(1) At the track. To make washing your bike easier, before you leave the track, scrape any packed-on dirt and mud from the engine cases and under the fenders. Do not use metal objects, such as screwdrivers, to scrape off dirt, because the hard metal will scratch your bike. Use plastic mud scrapers, as they are fairly inexpensive. Companies like Works Connection and JGRMX both make plastic mud scrapers for under $15.

(2) Prep. We recommend investing in an airbox wash cover (we use Twin Air air box covers). We use them for two reasons. First, we take the seat off to avoid getting water into the seat foam, which deteriorates the foam, making it soft. Second, with the seat off and airbox sealed, you can pressure-wash inside the airbox, and get it nice and clean. A clean airbox minimizes the risk of dirt getting into the air boot and making its way into the engine. Before installing the wash cover, carefully wipe away any dirt around the seal of the air filter. We also use a wash plug in the end of the muffler to keep water out.

(3) On the side. When the bulk of dirt is removed from the bike, take it off the stand. Place the stand in a place where you can rest the handlebars on the stand. With the bike laid on its side, you can easily get to the undercarriage of the bike where dirt is the hardest to get to.
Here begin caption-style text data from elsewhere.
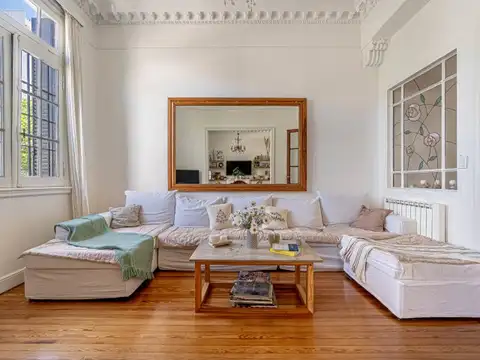 Depto Tipo Casa en Venta de 4 dormitorios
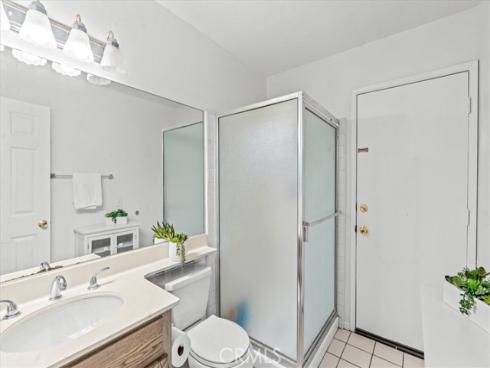 25252 Calero Avenue , Laguna Hills, CA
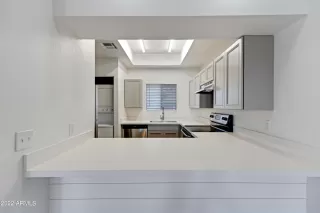 Photo #4: 6432439 Listing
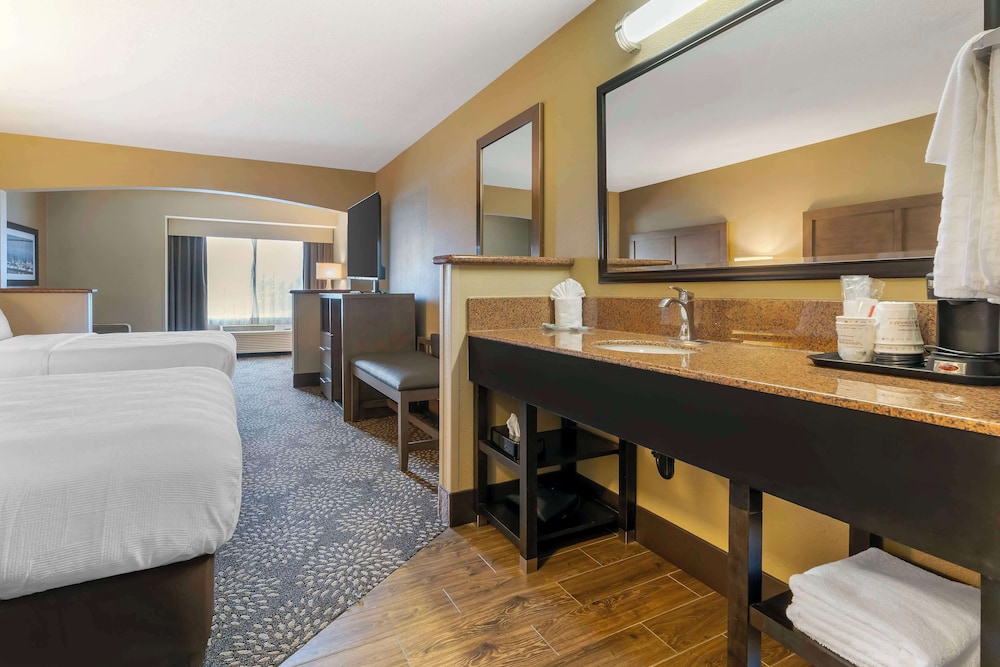 Suite, 2 Queen Beds, Non Smoking, River View (with Sofabed) - Photo 1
If you are using a pressure washer, avoid any direct contact with electrical connections and pivot points of the bike. 

(4) Loose dirt. Once the undercarriage of the bike is clean, put the bike back on the stand and spray off all of the loose dirt.
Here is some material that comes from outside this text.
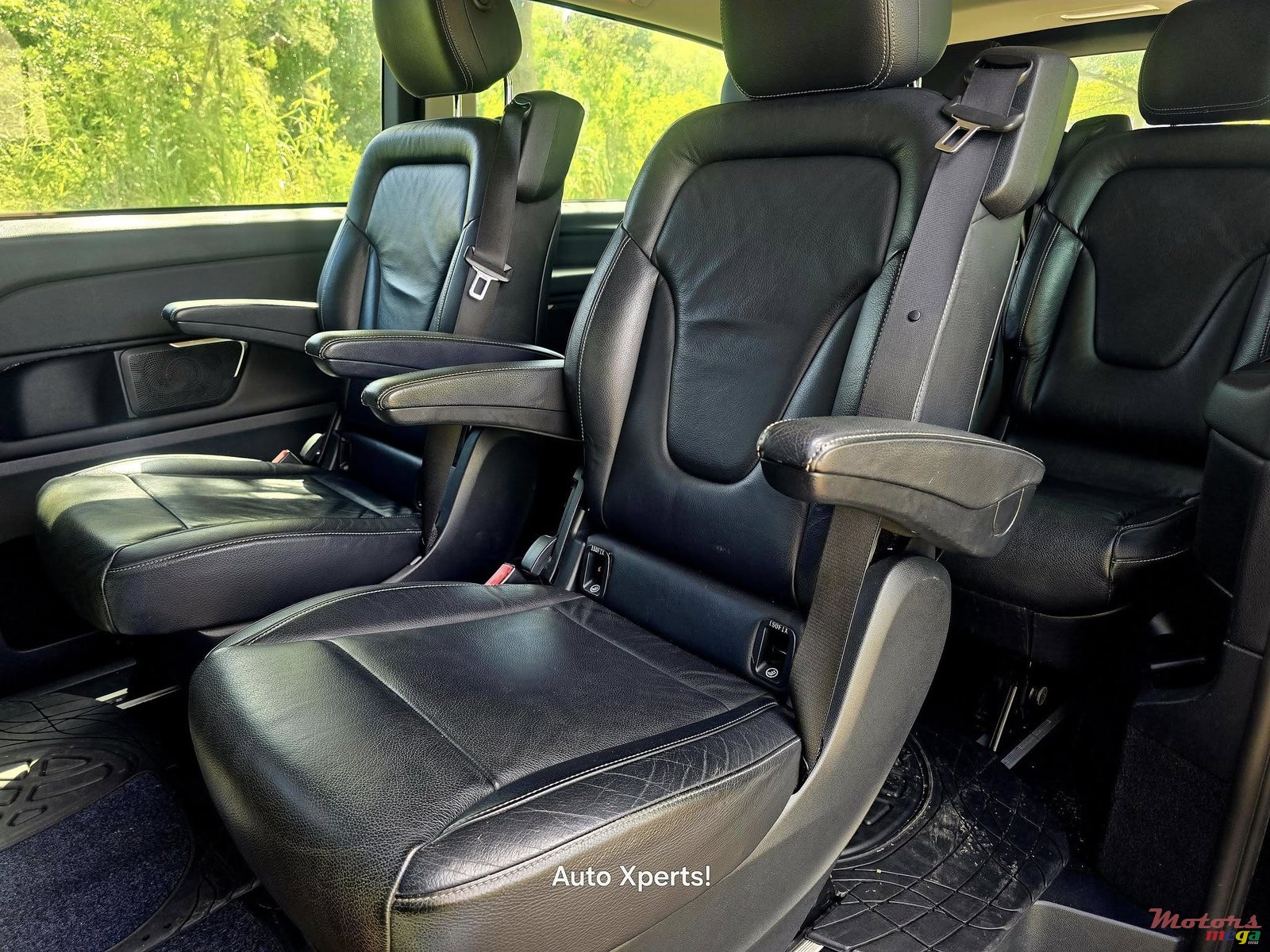2017' Mercedes-Benz V 220 photo #6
(5) Soap. Once you get the bulk of the dirt off, it is time to use a cleaning agent to remove the dirt residue and grime from the bike. We use Maxima Bio Clean, but cleaning formulas like Mr. Clean and Simple Green work just as well. Whatever the cleaning formula, we like to put it in a spray bottle (Maxima Bio Clean already comes in a spray bottle) to ensure every part of the bike, save for the electrical connections and pivot joints, is being bathed. 

(6) Scotch-Brite. While the cleaning agent is working its magic, take a green Scotch-Brite pad and scrub any scuffs or black marks off your aluminum frame (not necessary on KTM or Husqvarna chromoly steel frames). Always scrub parallel to the frame to avoid leaving scratch marks.

(7) Spray off. Use a pressure washer or a bucket of water and a big sponge to wipe away all soap and remaining dirt from the bike. Since everything is clean, take the time to carefully inspect the nooks and crannies of your bikes. Dirt often hides behind the countershaft sprocket cover, in the number plate bolt hole recesses and behind the front number plate. This is also a good time to inspect high-wear parts to see if they need to be replaced or maintained. 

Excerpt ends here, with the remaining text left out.